McBride: I think the technical director has to have some affiliation with the head coach because, and I'm not saying youth technical director because I do think there needs to be two different types. I'm talking about the technical director for the men's national team, and it should be someone who has a good relationship and similar views as the head coach. Otherwise, the players that he's bringing in and the information that he's bringing back to the coach is going to have a competing affect rather than a cohesive effect.
That said, the youth setup should be all integrated to one whole process, which is what Jurgen did. There should be an alignment and an understanding of the ideas of how we should play as a country. Not something set in stone by any means, but certainly someone who has a vision and a way of getting those points across while putting together the staff.

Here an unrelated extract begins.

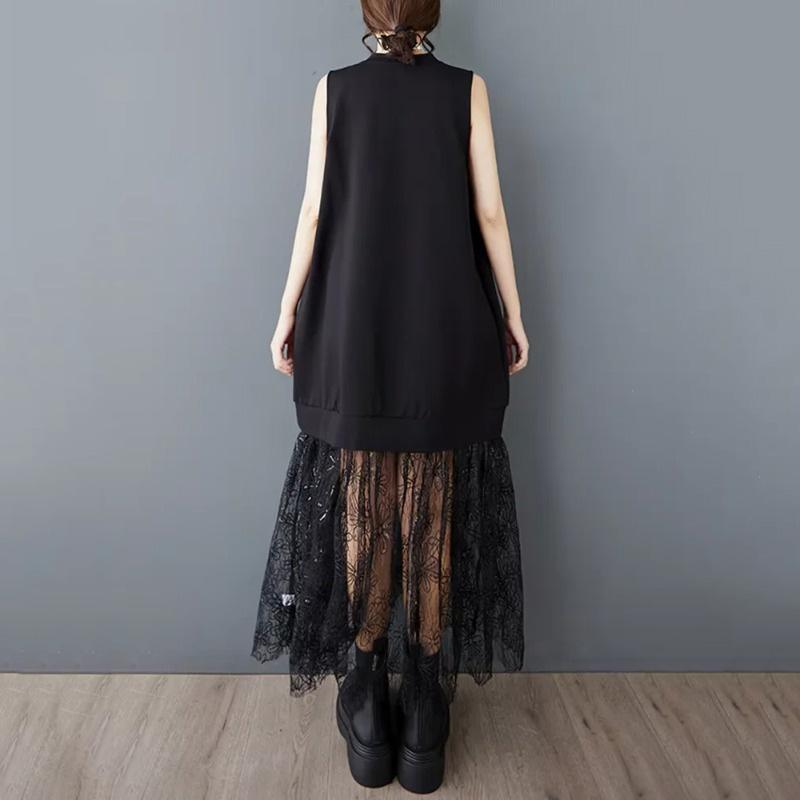 XITAO Mesh Patchwork O-neck Female Dress ZMY1165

ESPN FC: So what do you think the technical director's job actually is? Is it to set a direction in terms of style and have that filter down, or are there other aspects?

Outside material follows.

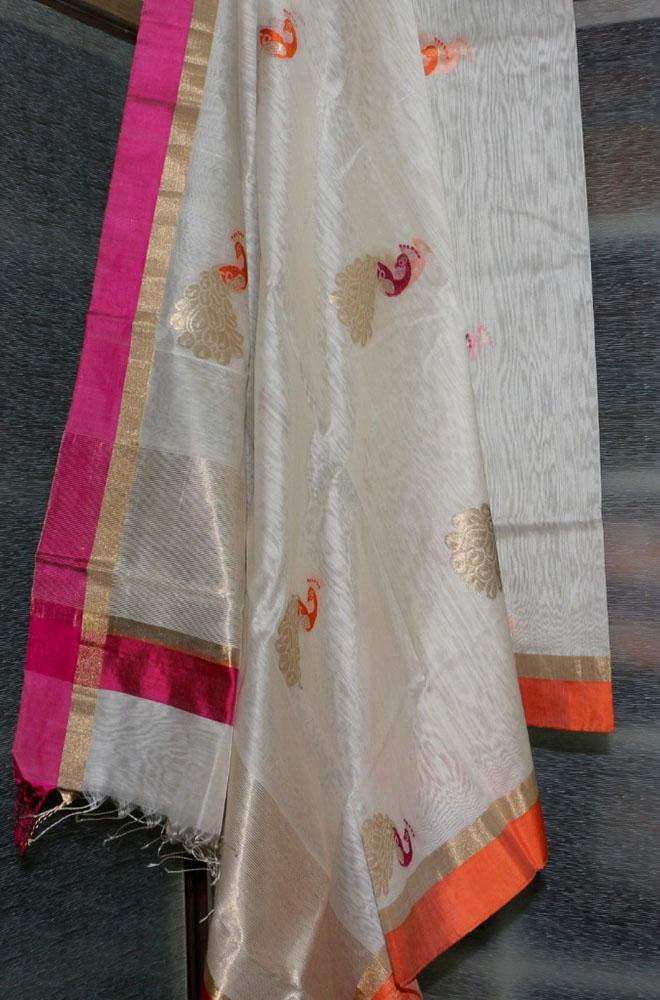 Off White Handloom Chanderi Cotton Silk Resham Zari Border Meenakari Dupatta - Luxurion World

McBride: I think the technical director's job would be more to understand the landscape of soccer in the world and bring in ideas, bring in techniques. Go to coaching symposiums, go to areas of interest that might help the national team, that might help the coach themselves. They get ideas that come from the same understanding. The youth technical director should be [focused on] an ideal of how to play the game, how to then grow and educate not only our coaches but our players, and have an infrastructure that allows us to have a bigger reach.

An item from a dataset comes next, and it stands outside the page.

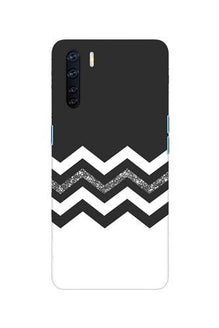 Black white Pattern2Mobile Back Case for Oppo F15 (Design - 83)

ESPN FC: Speaking of "reach," pay-to-play always comes up and it's obviously an unwieldy kind of reality that the game has to deal with in this country, but what thoughts do you have on how to combat that and expand the net in which the U.S. looks for players and make the game more accessible?
McBride: I know there have been discussions about the USSF raising money for a fund to go into the inner cities and have more outreach. As for reach: right now it's pretty organic, but they have local area invites once a month where they invite kids into a setting where it's similar to an old ODP setting but to get them to practice with U.S. Soccer coaches, run through drills and give them a chance to analyze individual players.
I don't know what the reach is but in the bigger cities, it's probably easier to see talent because a lot of Latin and Hispanic teams are playing in main leagues. Certainly at the younger ages, there are ethnic leagues that are specific to heritage but as they get older, more and more players are around. It's not making sure that people get a chance to see them in a setting where they're comfortable. That costs money, it takes more time, it takes a specific structure and plan so that everybody is seen. I don't think they have that in place right now, as much as everybody is trying. Dollar-wise, it's going to cost money.
The further you get out -- like, say, in Iowa -- you've got to imagine there's a kid that is 40 miles away from the nearest club and doesn't have the same opportunities. When I say you can't blow the whole structure up, what you can do is have a greater reach in analyzing players, and making sure those players are seen.
One thing we don't talk about is once they're seen, how do you get them involved in clubs that are going to provide them the best ability to grow? That takes a lot of work and a lot of infrastructure. Say some kid lives 500 miles from the nearest MLS club or academy. They're not going to drive in every single day. So what are their options? It's either they move or move their family, and we all know how difficult that is. So providing some sort of consistent training is a major cost and when it comes down to it, that is one of our biggest issues: the cost.